You can use 그치다 and 거두다 also.
- 정쟁을 그치다
- 정쟁을 거두다
If you search using these keywords '싸움을 그쳤다', '싸움을 거두었다' on Google, you can find out some of sentences including those. 

4. 엘리베이터/버스가 섰다. Can you replace 서다 with any of the others?
엘리베이터/버스가 그쳤다. (X) '그치다' is intransitive verb. But '그치다' is used like these : 비가 그치다, 울음이 그치다, 웃음이 그치다, 소리가 그치다. I am sorry. I'd like to write better explanation. But I can not think out. And I don't have enough time now.  
엘리베이터/버스가 멈췄다. (O) '멈추다' is both transitive and intransitive verb.
엘리베이터/버스가 거뒀다. (X) '거두다' is transitive verb.
엘리베이터/버스가 그만두다. (X) '그만두다' is transitive verb.

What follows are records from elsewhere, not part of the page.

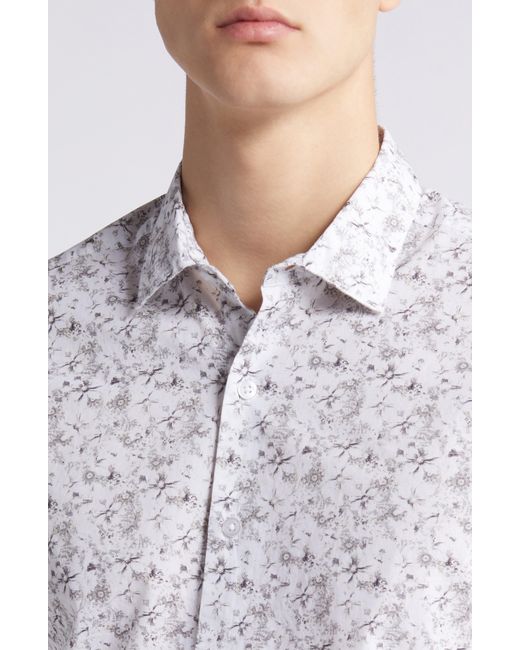 Robert Barakett White Segno Short Sleeve Button-up Shirt for men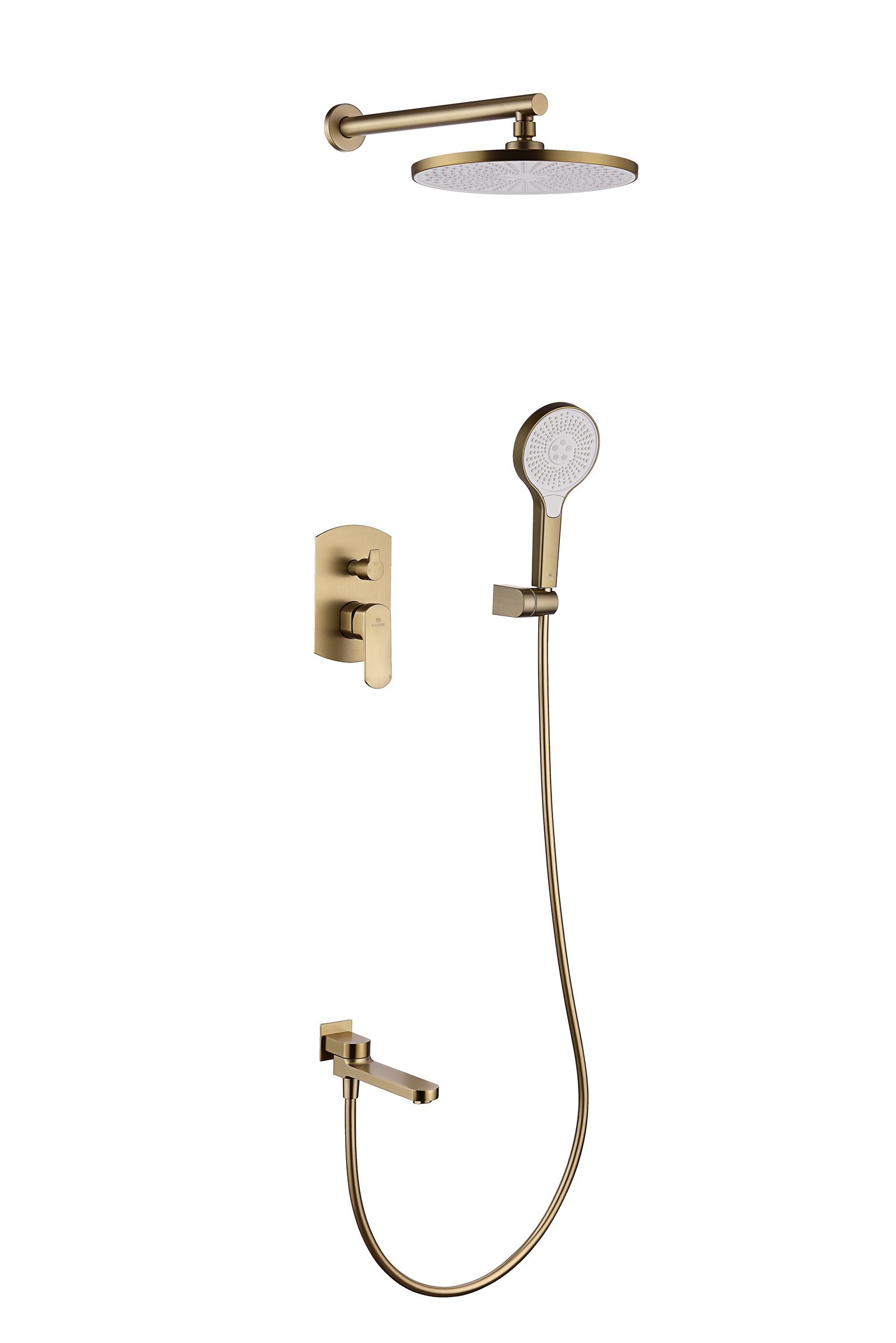 06165-S Смеситель встраиваемый для душа с 3-функ. (Мат. Золото) GANZER (6/1шт)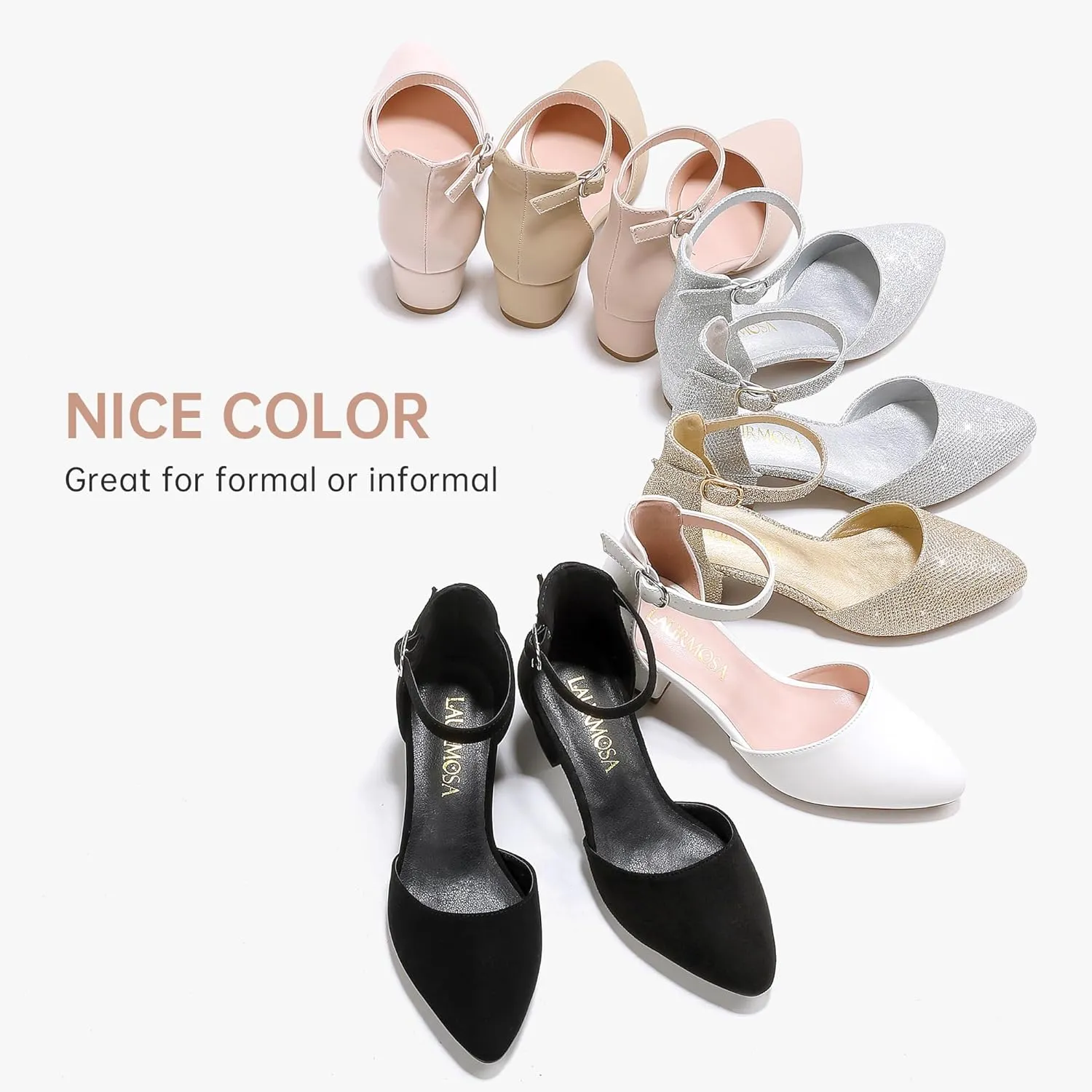 Little Girls Sandals Closed Toe High Heels Formal Dress Shoes Ankle Strap Pointed Toe Heeled for Little Big Kids in Wedding Party Block Chunky Pump Shoes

5. 그는 한번 말을 시작하면 그칠 줄 모른다 
Can you replace 그치다 here with 그만두다/거두다/서다/멈추다??
그는 한 번 말을 시작하면 그만둘 줄 모른다. (O) '그만두다' is transitive verb.
그는 한 번 말을 시작하면 설 줄 모른다. (X) '서다' can be used only intransitive verb.
그는 한 번 말을 시작하면 멈출 줄 모른다. (O) '멈추다' is both transitive and intransitive verb.
그는 한 번 말을 시작하면 거둘 줄 모른다. (X) <- '거두다' is transitive verb. So this is not wrong grammatically. But it's meaning is weird. Koreans don't use like this.
Mostly they use like these : 
'그 칼을 거두지 못할까!' (Take the knife back!)
'무기를 거두었다' (He/she took the weapon back.)
'비가 온다! (널어 놓은) 고추를 거두어라!' (It is rainning! Place peppers into the house.)

Hope I helped


----------



## 82riceballs

Thank you so so so much!! This was extremely helpful!!!

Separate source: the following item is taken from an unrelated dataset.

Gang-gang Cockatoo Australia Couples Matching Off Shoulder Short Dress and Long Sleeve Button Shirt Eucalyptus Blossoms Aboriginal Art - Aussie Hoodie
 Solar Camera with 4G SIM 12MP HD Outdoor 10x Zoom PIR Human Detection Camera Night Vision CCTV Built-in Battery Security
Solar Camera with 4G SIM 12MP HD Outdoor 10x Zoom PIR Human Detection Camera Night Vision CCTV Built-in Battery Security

Just two clarification questions-

1. '그 칼을 거두지 못할까!' doesn't make sense to me... What does it mean literally? "Shall I make you unable to put your knife away?"
2. Could you also say 구초를 걷다 like 빨래를 걷다?


----------



## chocococo2

1. '그 칼을 거두지 못할까!' doesn't make sense to me... What does it mean literally? "Shall I make you unable to put your knife away?"

'그 칼을 거두지 못할까!' means '너는 왜 그 칼을 거두지 못하는가!'.

It could be translated literally like this : 'Why can't you put your knife away? (Do put your knife away!)'. ----- I am sorry for my bad English. 

Plus,
 it usually includes this meaning 'How dare you draw the knife!' also. 


2. Could you also say 구초를 걷다 like 빨래를 걷다?

Yes. 고추를 걷다's 걷다 is 빨래를 걷다's 걷다 
걷다 is 거두다's short version.


----------



## 82riceballs

Ohhh I get it now!! Thank you sooo much!! And no, your English is basically perfect! It's my Korean that's bad, so I need to ask so many questions


----------



## chocococo2

82riceballs said:


> Ohhh I get it now!! Thank you sooo much!! And no, your English is basically perfect! It's my Korean that's bad, so I need to ask so many questions



Thank you! 

I hope you have a nice day!


----------